Stored data
________________

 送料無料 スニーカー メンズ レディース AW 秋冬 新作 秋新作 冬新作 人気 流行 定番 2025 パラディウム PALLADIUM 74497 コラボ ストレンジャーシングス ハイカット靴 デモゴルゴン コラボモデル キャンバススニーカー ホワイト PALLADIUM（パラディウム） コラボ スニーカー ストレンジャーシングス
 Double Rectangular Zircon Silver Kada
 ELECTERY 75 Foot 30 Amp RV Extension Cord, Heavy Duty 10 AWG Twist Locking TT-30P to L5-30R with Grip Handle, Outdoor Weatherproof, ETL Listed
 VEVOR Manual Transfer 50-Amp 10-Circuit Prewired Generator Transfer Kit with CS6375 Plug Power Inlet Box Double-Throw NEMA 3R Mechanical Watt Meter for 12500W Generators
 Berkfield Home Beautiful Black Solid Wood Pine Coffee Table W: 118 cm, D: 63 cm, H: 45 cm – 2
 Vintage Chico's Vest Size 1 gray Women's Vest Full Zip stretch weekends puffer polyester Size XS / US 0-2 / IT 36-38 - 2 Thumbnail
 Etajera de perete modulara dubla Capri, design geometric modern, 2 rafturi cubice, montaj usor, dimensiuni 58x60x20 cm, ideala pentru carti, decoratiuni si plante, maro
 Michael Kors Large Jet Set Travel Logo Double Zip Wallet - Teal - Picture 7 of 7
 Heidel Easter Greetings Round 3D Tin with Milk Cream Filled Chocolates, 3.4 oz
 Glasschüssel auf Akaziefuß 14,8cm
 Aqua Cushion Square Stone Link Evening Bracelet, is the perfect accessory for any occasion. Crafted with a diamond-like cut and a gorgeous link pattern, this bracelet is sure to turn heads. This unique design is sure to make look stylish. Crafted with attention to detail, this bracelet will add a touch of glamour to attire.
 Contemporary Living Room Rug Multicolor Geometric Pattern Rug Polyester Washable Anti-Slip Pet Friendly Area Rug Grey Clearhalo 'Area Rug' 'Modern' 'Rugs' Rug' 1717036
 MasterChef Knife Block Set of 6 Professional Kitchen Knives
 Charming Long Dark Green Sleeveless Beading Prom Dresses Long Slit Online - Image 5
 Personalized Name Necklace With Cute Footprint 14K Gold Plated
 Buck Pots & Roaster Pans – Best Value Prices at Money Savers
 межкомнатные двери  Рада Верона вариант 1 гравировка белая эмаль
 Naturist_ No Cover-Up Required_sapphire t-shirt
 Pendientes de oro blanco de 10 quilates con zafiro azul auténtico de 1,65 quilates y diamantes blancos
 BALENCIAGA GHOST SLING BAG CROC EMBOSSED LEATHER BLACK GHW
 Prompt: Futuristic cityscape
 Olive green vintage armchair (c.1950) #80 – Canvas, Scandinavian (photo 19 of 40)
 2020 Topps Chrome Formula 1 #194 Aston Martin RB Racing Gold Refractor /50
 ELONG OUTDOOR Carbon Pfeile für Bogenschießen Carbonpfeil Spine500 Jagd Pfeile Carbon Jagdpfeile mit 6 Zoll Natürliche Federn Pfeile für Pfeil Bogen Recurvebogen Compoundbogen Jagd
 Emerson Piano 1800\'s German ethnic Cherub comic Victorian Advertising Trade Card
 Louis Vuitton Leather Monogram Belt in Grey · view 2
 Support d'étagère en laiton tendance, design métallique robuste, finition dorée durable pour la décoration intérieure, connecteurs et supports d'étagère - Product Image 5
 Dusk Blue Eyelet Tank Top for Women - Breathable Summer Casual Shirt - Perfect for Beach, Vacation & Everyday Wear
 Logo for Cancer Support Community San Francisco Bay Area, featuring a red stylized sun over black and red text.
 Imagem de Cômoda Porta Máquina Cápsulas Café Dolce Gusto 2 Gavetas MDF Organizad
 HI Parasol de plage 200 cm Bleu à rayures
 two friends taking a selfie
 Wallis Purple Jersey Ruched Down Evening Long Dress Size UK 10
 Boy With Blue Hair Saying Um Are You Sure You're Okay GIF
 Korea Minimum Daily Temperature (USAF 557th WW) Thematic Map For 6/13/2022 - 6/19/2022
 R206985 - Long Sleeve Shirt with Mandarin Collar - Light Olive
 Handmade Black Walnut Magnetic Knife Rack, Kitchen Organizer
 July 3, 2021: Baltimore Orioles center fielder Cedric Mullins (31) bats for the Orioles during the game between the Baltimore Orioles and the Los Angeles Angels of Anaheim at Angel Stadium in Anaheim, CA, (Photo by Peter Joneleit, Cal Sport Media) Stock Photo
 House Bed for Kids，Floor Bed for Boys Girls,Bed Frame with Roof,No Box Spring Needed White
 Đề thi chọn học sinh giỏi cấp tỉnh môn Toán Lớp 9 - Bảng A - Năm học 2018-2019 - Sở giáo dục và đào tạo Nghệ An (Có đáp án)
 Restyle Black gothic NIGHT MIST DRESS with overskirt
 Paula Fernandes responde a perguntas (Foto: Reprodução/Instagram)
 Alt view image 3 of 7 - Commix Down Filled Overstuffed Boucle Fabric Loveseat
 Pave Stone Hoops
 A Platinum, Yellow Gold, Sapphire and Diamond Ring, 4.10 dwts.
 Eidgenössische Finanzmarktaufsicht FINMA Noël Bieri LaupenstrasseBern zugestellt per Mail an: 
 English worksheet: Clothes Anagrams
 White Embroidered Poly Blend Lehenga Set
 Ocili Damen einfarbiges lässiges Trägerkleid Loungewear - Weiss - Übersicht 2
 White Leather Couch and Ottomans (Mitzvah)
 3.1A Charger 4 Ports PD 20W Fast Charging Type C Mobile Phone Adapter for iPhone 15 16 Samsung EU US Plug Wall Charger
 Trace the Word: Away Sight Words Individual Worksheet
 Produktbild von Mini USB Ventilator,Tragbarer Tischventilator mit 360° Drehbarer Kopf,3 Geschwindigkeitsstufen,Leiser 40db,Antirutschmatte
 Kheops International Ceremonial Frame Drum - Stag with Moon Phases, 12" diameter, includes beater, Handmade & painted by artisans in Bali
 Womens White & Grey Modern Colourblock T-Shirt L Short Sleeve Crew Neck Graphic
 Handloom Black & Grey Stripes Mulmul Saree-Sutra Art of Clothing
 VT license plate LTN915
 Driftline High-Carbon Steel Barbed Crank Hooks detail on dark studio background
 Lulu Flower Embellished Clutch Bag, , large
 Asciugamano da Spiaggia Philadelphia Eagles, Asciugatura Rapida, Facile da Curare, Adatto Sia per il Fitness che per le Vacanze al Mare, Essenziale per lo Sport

________________

• [What you should do]:
All lines from the line containing "VT license plate LTN915" through the last line of the data are to be repeated exactly; no other line belongs in the answer.

• [Exercise output]:
 VT license plate LTN915
 Driftline High-Carbon Steel Barbed Crank Hooks detail on dark studio background
 Lulu Flower Embellished Clutch Bag, , large
 Asciugamano da Spiaggia Philadelphia Eagles, Asciugatura Rapida, Facile da Curare, Adatto Sia per il Fitness che per le Vacanze al Mare, Essenziale per lo Sport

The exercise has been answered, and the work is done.